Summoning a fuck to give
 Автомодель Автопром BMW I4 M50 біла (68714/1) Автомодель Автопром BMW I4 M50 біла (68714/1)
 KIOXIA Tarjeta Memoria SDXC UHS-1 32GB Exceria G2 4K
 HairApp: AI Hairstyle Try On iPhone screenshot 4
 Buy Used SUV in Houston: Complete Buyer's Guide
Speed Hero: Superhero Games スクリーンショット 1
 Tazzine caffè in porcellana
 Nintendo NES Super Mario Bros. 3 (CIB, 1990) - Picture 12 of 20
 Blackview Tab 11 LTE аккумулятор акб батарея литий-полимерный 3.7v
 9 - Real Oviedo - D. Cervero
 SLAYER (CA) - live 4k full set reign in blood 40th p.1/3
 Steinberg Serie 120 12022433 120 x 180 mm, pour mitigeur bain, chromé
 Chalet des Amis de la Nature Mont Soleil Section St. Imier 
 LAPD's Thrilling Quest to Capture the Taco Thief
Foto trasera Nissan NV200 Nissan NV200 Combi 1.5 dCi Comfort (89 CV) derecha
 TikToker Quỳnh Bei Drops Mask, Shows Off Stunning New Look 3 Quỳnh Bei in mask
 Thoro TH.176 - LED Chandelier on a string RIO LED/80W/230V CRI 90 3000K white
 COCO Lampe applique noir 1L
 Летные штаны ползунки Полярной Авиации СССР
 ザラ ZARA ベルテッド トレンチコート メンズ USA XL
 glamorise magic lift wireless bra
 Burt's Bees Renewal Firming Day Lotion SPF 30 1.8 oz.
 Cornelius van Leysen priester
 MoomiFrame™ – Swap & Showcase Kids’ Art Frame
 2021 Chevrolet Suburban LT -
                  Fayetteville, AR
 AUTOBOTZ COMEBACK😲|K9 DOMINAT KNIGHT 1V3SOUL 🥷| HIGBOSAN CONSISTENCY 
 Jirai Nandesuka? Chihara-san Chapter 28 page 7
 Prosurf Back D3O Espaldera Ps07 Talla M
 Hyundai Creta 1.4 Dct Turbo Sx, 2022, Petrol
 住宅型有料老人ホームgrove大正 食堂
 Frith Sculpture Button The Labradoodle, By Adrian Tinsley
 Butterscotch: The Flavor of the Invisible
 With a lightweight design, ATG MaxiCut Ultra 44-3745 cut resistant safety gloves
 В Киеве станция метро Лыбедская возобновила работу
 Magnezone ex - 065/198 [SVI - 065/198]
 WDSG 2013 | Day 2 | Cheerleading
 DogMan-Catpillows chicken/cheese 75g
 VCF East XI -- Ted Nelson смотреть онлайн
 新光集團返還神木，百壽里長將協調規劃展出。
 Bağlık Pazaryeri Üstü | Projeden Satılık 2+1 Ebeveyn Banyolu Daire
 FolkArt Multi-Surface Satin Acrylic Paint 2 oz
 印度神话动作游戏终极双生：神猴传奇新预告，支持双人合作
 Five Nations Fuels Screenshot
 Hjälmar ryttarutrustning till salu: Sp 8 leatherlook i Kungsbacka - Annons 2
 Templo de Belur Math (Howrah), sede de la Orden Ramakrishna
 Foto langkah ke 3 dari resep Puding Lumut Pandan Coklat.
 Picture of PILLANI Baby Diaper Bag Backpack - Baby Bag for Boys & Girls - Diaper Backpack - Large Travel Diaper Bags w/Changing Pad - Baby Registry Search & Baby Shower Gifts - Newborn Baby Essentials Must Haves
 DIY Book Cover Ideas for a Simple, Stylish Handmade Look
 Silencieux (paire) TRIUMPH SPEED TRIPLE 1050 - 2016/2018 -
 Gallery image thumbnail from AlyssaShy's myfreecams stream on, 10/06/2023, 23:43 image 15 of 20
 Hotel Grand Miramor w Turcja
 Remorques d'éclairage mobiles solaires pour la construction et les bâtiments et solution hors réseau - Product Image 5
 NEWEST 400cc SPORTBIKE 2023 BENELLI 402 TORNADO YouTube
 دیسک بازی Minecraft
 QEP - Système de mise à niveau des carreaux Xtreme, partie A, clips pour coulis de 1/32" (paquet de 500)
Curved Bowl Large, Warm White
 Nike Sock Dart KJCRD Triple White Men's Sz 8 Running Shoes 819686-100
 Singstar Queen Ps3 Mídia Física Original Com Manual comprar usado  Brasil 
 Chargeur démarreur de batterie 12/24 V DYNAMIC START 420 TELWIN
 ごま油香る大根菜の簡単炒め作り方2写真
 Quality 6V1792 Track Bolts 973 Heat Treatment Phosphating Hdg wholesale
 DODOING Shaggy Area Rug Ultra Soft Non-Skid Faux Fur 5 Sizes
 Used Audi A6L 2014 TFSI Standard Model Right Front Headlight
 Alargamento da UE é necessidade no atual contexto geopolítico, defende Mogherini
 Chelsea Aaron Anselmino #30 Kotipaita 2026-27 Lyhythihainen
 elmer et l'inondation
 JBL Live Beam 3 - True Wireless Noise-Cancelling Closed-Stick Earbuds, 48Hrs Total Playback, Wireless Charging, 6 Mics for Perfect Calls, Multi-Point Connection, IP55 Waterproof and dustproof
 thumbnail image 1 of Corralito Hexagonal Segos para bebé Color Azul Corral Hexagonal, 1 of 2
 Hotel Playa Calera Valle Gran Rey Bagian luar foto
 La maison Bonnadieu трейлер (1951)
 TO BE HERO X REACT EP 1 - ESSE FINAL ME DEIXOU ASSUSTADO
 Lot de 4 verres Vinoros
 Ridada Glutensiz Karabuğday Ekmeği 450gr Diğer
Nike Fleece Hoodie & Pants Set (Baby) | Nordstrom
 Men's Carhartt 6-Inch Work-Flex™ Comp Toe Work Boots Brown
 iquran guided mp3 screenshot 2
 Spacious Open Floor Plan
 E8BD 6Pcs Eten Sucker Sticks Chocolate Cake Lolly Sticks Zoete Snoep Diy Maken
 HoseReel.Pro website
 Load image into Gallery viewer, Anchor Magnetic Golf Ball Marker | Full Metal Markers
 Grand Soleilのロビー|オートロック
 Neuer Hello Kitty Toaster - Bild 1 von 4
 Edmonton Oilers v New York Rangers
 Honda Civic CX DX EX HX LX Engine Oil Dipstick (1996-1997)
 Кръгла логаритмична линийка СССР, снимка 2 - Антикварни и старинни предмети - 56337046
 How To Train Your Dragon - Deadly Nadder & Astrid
========================================================================
WORK INSTRUCTION - Please copy, exactly and with nothing else, the lines above beginning at the line that has "Quality 6V1792 Track" and ending with the line that has "JBL Live Beam".

FINISHED TASK -
 Quality 6V1792 Track Bolts 973 Heat Treatment Phosphating Hdg wholesale
 DODOING Shaggy Area Rug Ultra Soft Non-Skid Faux Fur 5 Sizes
 Used Audi A6L 2014 TFSI Standard Model Right Front Headlight
 Alargamento da UE é necessidade no atual contexto geopolítico, defende Mogherini
 Chelsea Aaron Anselmino #30 Kotipaita 2026-27 Lyhythihainen
 elmer et l'inondation
 JBL Live Beam 3 - True Wireless Noise-Cancelling Closed-Stick Earbuds, 48Hrs Total Playback, Wireless Charging, 6 Mics for Perfect Calls, Multi-Point Connection, IP55 Waterproof and dustproof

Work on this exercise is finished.